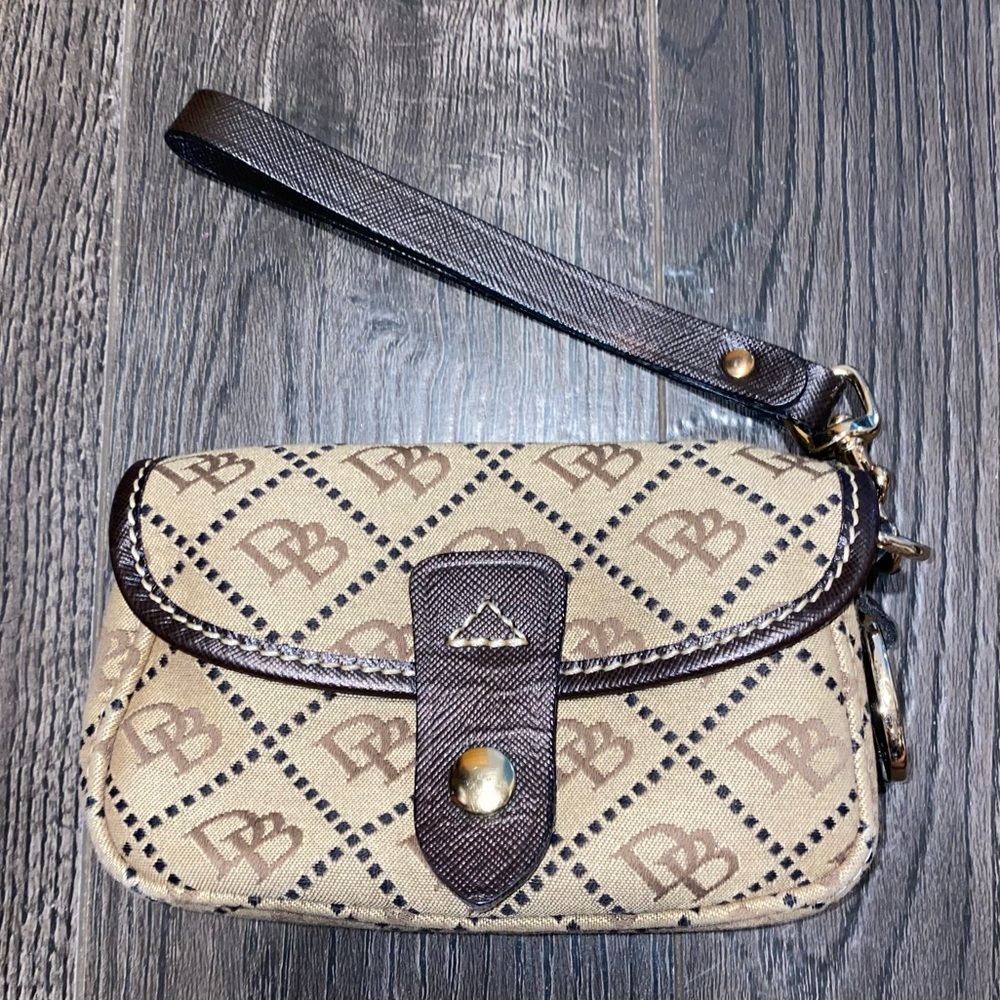 Dooney & Bourke classic wristlet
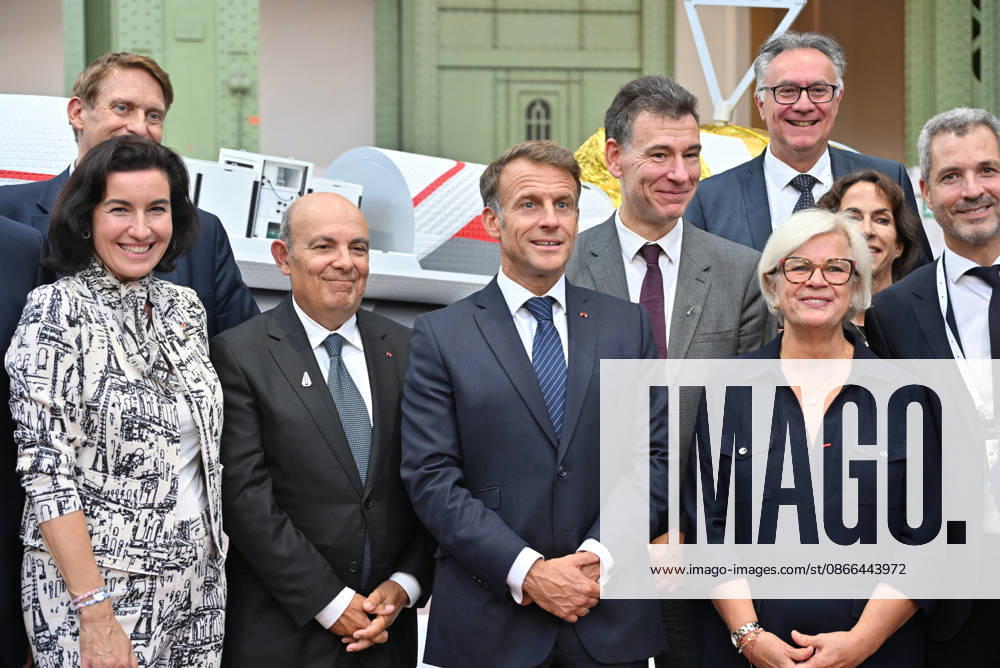 French President Emmanuel Macron, Eric Trappier, CEO of Dassault Aviation; Minister of Higher Education and Research Philippe Baptiste; and Minister of the Armed Forces Catherine Vautrin pose with government and industry representatives in front of a model of Dassault’s Vortex space vehicle project. E. Macron, President of the French Republic, during the International Space Summit on September 10, 2026, at the Grand Palais in Paris, on September 9, 2026. Nearly 1,100 companies from the space sector will also be present at the Grand Palais, demonstrating the exceptional mobilization of the global space ecosystem around this event, organized by France and Germany. The Summit will address all issues related to the development and innovation o
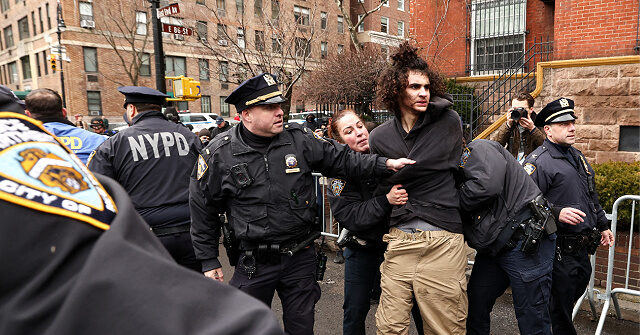 mamdani-condemns-‘white-supremacy’-protest-but-not-radical-islam-after-isis-linked-bomb-attack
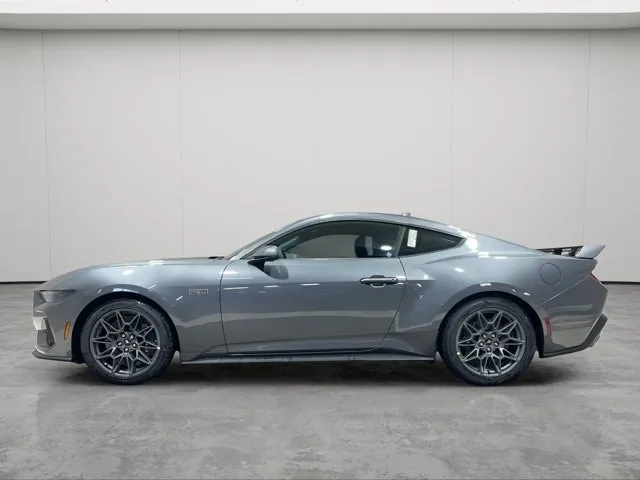Ford Mustang 2026 photo 2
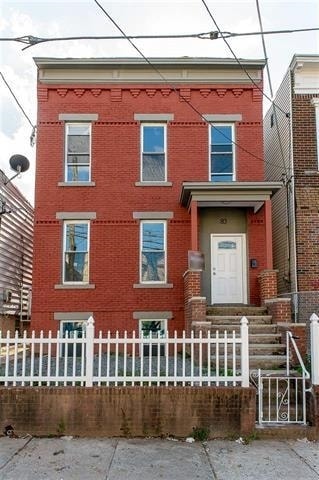 Building Photo - 83 Woodlawn Ave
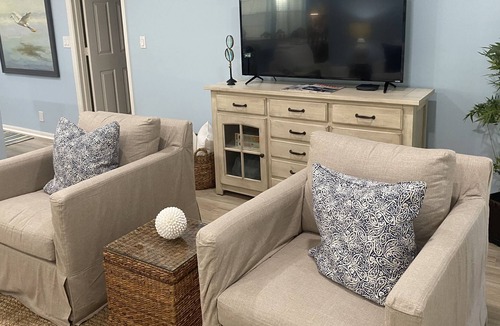 Wabasso Beach Villa | Coastal Perfect: Ocean & Oaks Tennis Villa - Walk to BEACH 🏖TENNIS🎾DOCKS🚤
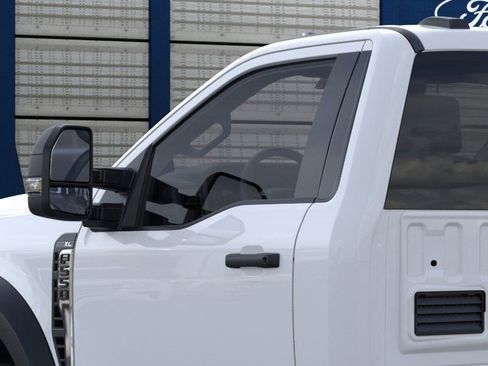 New 2026 Ford F550 4x4 Regular Cab Super Duty image 43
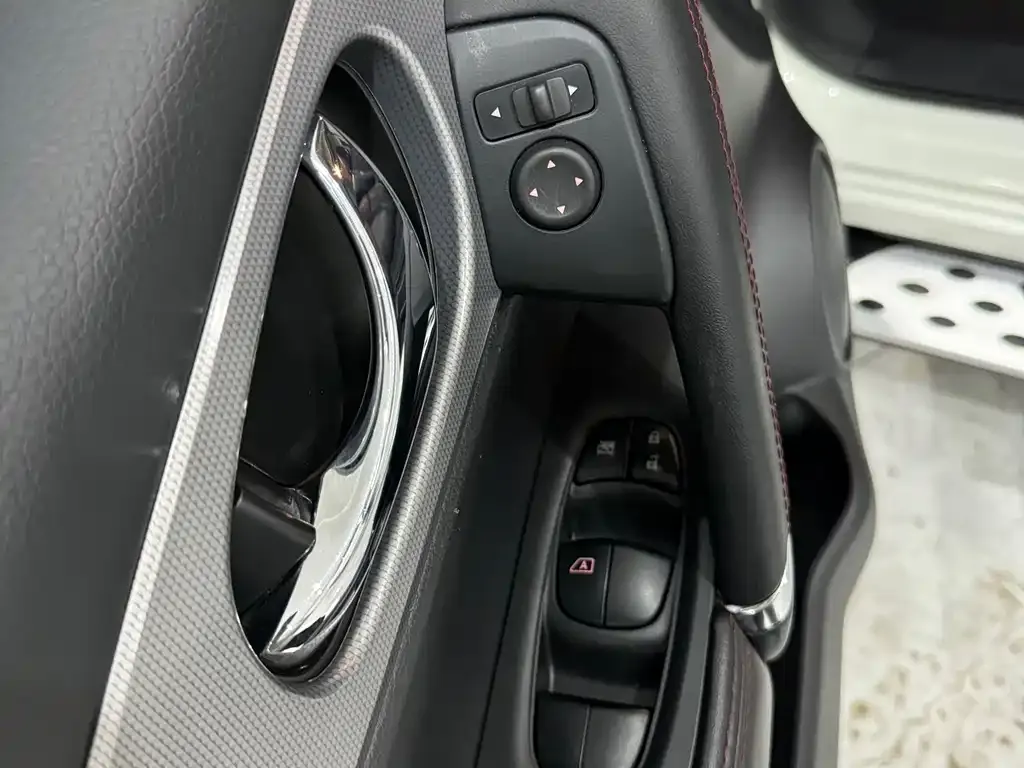 Nissan Qashqai — фото 8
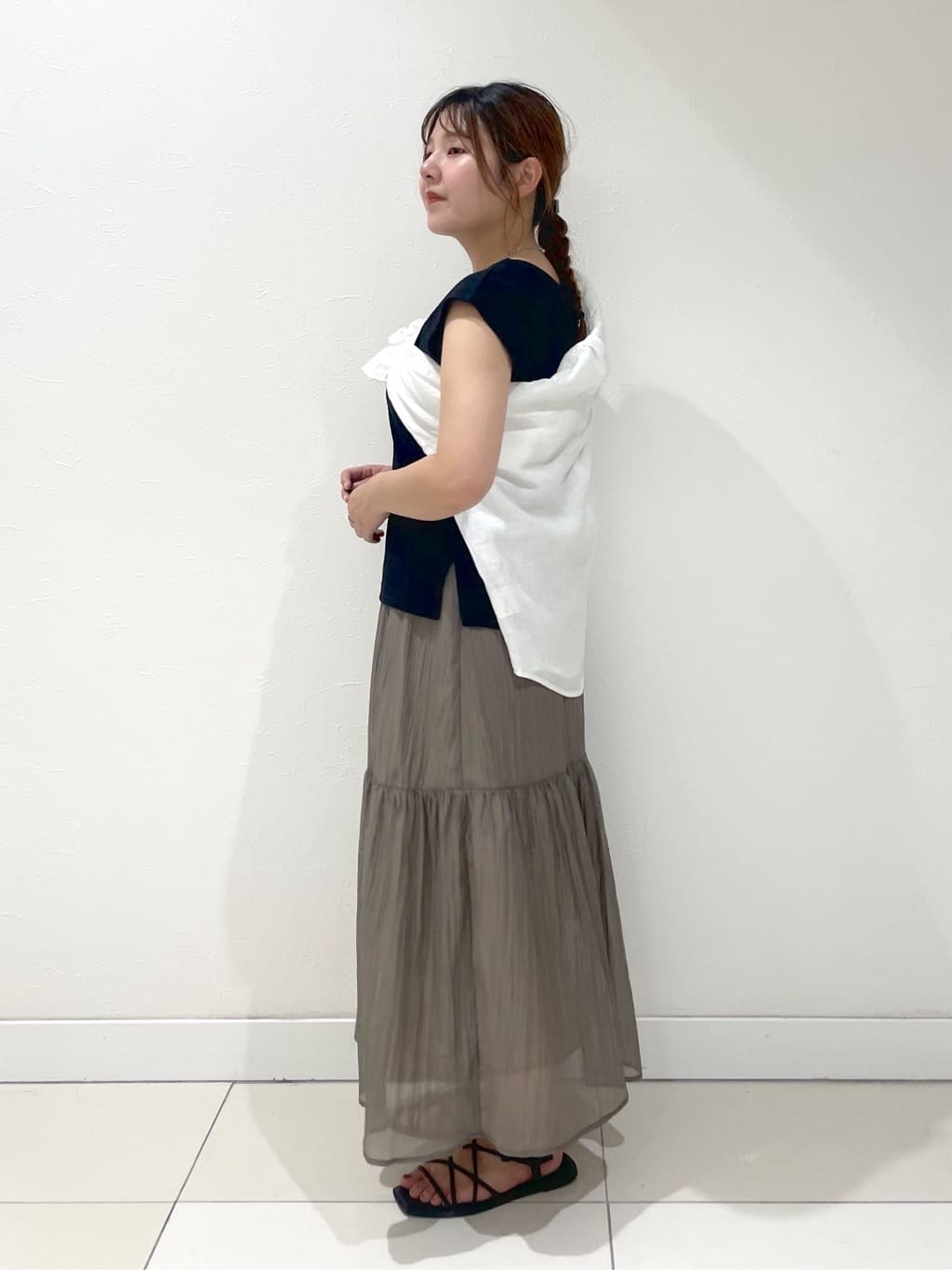 YUUKIさんの「INDIVI｜【2点セット／着回し◎】ノースリーブ＆ティアードスカート カセット服」を使ったコーディネート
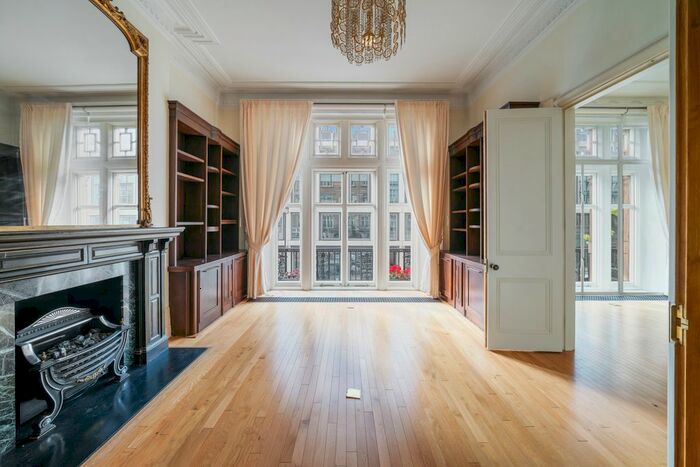 2 Bedroom Flat To Rent In Wigmore Street, London, W1U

| ACTIVITY |
A word-for-word transcription of the entries above, free of images, is what is wanted.

| ANSWER SPACE |
 Dooney & Bourke classic wristlet
 French President Emmanuel Macron, Eric Trappier, CEO of Dassault Aviation; Minister of Higher Education and Research Philippe Baptiste; and Minister of the Armed Forces Catherine Vautrin pose with government and industry representatives in front of a model of Dassault’s Vortex space vehicle project. E. Macron, President of the French Republic, during the International Space Summit on September 10, 2026, at the Grand Palais in Paris, on September 9, 2026. Nearly 1,100 companies from the space sector will also be present at the Grand Palais, demonstrating the exceptional mobilization of the global space ecosystem around this event, organized by France and Germany. The Summit will address all issues related to the development and innovation o
 mamdani-condemns-‘white-supremacy’-protest-but-not-radical-islam-after-isis-linked-bomb-attack
Ford Mustang 2026 photo 2
 Building Photo - 83 Woodlawn Ave
 Wabasso Beach Villa | Coastal Perfect: Ocean & Oaks Tennis Villa - Walk to BEACH 🏖TENNIS🎾DOCKS🚤
 New 2026 Ford F550 4x4 Regular Cab Super Duty image 43
 Nissan Qashqai — фото 8
 YUUKIさんの「INDIVI｜【2点セット／着回し◎】ノースリーブ＆ティアードスカート カセット服」を使ったコーディネート
 2 Bedroom Flat To Rent In Wigmore Street, London, W1U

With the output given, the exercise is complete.